Records for the exercise.
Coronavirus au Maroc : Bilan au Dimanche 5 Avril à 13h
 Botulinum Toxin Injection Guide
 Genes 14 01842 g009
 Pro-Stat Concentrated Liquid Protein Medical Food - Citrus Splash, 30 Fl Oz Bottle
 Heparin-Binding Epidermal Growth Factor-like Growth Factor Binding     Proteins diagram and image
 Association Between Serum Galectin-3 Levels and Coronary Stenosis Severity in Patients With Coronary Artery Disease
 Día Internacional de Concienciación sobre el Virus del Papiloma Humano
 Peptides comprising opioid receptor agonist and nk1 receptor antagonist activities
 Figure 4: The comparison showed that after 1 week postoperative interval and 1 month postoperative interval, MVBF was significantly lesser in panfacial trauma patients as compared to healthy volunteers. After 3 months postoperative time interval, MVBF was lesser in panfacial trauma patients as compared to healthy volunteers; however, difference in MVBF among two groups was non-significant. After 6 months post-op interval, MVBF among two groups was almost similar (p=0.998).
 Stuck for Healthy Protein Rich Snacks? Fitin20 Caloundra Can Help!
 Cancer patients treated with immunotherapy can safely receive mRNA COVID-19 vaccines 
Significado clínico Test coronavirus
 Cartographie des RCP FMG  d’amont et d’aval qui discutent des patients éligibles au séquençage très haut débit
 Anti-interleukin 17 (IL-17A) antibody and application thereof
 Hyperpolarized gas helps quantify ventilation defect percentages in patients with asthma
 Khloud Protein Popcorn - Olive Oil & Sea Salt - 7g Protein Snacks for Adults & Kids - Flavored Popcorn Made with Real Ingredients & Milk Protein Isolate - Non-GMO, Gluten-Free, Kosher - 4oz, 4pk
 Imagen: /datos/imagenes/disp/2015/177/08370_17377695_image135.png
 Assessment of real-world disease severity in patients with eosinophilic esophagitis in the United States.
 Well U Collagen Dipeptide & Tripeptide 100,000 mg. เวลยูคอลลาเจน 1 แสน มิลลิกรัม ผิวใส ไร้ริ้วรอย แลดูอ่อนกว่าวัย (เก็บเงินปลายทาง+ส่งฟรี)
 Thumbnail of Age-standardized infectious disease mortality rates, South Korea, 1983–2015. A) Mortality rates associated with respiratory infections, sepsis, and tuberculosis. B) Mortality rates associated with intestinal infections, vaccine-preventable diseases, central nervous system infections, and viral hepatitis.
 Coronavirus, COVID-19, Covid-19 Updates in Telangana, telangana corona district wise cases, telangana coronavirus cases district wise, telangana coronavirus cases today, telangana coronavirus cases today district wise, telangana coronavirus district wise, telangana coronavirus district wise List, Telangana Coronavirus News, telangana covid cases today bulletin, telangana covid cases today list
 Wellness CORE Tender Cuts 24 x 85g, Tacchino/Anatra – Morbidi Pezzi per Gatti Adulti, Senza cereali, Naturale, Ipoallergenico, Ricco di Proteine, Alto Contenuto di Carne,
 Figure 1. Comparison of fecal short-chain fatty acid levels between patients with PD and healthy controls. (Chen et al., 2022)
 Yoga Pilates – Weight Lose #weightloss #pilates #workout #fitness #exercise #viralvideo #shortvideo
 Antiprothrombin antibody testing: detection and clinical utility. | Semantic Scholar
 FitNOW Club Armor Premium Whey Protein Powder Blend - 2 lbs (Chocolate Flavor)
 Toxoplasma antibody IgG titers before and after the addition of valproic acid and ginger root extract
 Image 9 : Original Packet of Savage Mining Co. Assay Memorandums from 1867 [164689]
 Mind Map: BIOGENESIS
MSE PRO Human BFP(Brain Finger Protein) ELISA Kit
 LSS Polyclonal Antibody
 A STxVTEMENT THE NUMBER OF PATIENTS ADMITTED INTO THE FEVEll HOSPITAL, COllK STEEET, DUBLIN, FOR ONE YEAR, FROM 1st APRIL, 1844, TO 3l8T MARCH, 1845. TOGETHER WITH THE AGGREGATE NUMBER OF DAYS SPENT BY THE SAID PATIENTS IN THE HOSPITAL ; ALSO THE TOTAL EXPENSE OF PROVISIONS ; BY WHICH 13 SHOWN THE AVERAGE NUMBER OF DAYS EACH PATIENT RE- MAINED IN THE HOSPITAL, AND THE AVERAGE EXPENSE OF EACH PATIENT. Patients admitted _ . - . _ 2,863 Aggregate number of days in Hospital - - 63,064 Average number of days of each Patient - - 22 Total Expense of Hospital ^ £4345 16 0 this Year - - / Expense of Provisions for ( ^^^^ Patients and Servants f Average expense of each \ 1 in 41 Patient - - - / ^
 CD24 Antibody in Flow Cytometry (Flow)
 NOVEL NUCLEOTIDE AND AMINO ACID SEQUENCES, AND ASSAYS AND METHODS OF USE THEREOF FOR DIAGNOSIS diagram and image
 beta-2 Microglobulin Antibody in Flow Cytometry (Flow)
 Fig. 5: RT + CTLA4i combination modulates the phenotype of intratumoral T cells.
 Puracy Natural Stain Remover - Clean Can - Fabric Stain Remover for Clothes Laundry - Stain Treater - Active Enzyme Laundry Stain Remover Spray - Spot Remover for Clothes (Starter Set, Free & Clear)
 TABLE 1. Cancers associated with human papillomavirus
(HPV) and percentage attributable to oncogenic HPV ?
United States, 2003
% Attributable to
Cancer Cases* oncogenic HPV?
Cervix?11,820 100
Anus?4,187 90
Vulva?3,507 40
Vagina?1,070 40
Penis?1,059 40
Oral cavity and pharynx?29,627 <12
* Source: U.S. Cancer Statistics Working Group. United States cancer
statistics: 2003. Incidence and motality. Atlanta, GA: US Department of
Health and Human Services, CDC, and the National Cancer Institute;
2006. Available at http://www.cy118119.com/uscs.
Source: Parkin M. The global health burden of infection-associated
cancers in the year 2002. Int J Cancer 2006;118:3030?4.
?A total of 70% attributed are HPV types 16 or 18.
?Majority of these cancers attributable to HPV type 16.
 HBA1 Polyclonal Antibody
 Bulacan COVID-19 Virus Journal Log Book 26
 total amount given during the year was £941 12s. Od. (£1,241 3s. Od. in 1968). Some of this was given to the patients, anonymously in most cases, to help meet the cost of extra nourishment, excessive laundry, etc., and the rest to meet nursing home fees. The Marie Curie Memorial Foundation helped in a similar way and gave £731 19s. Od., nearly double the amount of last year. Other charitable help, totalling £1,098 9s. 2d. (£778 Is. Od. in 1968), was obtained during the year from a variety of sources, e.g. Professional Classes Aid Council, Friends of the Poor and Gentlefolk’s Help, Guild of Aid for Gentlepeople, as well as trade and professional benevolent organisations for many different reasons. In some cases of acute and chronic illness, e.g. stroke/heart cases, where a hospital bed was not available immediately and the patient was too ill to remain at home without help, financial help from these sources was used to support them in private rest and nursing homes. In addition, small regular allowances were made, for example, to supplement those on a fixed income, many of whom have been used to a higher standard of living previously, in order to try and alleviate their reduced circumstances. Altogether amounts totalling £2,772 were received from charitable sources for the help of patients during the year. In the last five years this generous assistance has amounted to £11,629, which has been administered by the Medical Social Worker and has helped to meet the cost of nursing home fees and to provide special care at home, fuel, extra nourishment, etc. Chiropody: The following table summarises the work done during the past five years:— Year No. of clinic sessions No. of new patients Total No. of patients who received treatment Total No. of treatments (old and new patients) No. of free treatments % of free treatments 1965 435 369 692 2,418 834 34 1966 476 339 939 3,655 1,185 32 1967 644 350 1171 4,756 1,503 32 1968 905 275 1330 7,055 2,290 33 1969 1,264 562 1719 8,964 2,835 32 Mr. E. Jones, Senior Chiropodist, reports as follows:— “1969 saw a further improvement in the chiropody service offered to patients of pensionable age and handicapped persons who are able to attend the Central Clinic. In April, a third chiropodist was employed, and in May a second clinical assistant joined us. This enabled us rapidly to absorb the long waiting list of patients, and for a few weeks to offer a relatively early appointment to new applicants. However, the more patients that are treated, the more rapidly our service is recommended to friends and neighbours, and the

Work instructions.
A complete answer gives every line of the records holding "after".

Response to this task.
 Figure 4: The comparison showed that after 1 week postoperative interval and 1 month postoperative interval, MVBF was significantly lesser in panfacial trauma patients as compared to healthy volunteers. After 3 months postoperative time interval, MVBF was lesser in panfacial trauma patients as compared to healthy volunteers; however, difference in MVBF among two groups was non-significant. After 6 months post-op interval, MVBF among two groups was almost similar (p=0.998).
 Toxoplasma antibody IgG titers before and after the addition of valproic acid and ginger root extract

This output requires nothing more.